### Your goal
The lines wanted run from the first one below through the one with "Bathroom features a". Return them exactly.

### Raw data
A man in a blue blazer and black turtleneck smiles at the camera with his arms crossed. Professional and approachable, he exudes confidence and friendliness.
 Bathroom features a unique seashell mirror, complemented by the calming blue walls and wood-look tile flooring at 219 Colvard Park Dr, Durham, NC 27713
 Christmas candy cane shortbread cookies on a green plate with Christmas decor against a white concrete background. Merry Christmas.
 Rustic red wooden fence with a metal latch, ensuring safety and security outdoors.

### Solved problem
A man in a blue blazer and black turtleneck smiles at the camera with his arms crossed. Professional and approachable, he exudes confidence and friendliness.
 Bathroom features a unique seashell mirror, complemented by the calming blue walls and wood-look tile flooring at 219 Colvard Park Dr, Durham, NC 27713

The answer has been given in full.